Lo más alucinante del libro, además de lo absolutamente cafre, directo y divertido que es, me parece el color. Parecerá broma, pero esta forma de colorear los fondos de todas las páginas y de fragmentar el libro a través de diversas paletas para dotarlo de ritmo y secuenciar la narrativa me recordó a la obra maestra Por culpa de una flor, de María Medem. ¿Cómo has trabajado el color para este proyecto?

— Gracias, gracias one more time.  A veure, en los dichosos croquis que creo haber medio explicado en la anterior pregunta, uno de los detallitos era poner opciones de color. Al pulirlos, una de las primeras fases era probar la combinación de colores del título de la peli, el perfil de las viñetas y el fondo. Y supongo que, al tener tan vistos los colores del Paint, los conozco como la gente que conoce los coches por el ruido del motor, los pájaros por su canto y esas cosas…

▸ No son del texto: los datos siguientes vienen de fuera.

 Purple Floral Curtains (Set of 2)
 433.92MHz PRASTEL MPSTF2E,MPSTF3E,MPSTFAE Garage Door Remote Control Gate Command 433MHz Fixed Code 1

Ahora mismo, ¿tienes entre manos algún otro proyecto? ¿Qué es lo siguiente?

— Me gustaría ir a pintar muñequitos, monstruitos, waifus, Niños Dios y demonios a la Sagrada Família, pero todavía no sé muy bien cómo hacerlo. Eso es como a largo plazo. Así más tipo próximamente, estoy trabajando bien duro en unas recopilaciones de cuentos (Monstruos de la música, por ejemplo), en editar poemas para proyectarlos y cualquiera de los trabajos de los muchos que hago en el dichoso PLANET B1.